--- YOUR OBJECTIVE ---
Taking the line with "Carte de nom" as the first and the line with "30pcs Self Adhesive" as the last, set down exactly every line in that range from the entries below, and no more.

--- MATERIAL TO PROCESS ---
================================

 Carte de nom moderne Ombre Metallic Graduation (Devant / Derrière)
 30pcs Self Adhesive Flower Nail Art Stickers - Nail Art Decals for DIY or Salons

================================

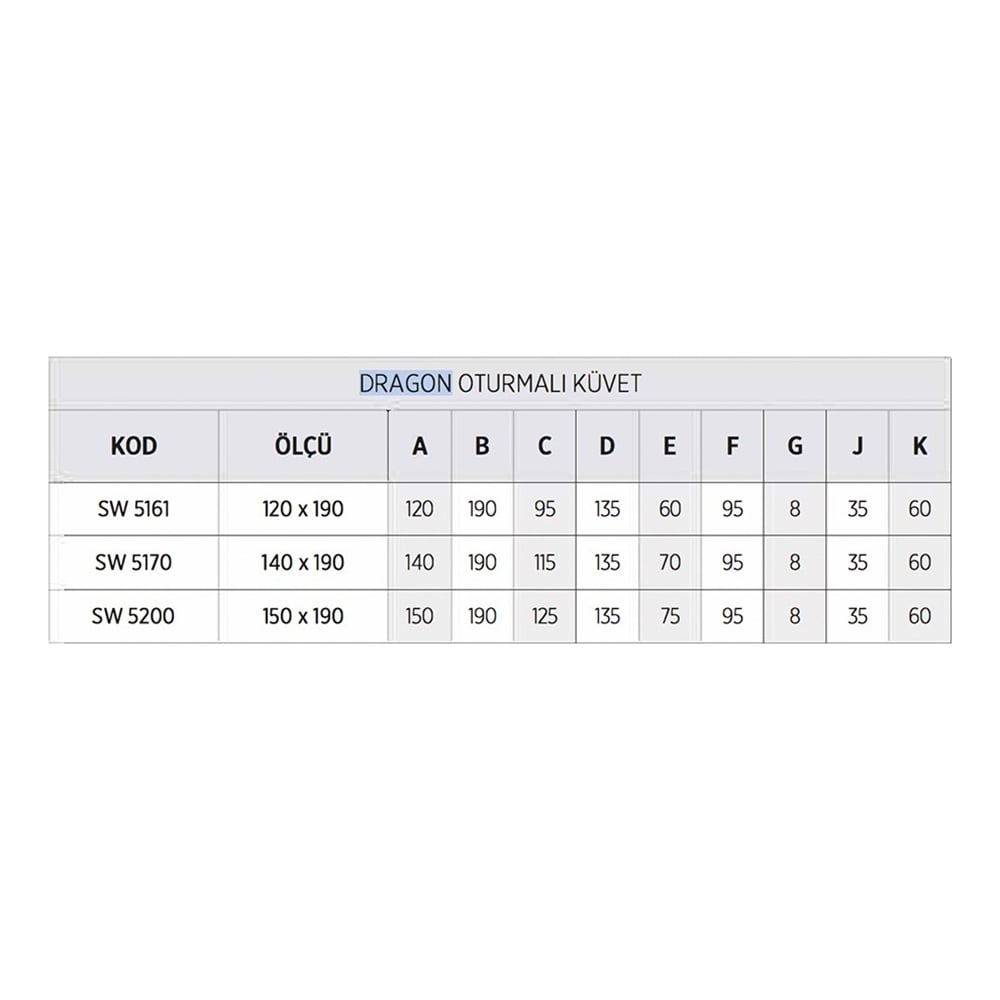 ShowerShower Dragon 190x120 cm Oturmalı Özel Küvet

================================

--- OUTPUT ---
 Carte de nom moderne Ombre Metallic Graduation (Devant / Derrière)
 30pcs Self Adhesive Flower Nail Art Stickers - Nail Art Decals for DIY or Salons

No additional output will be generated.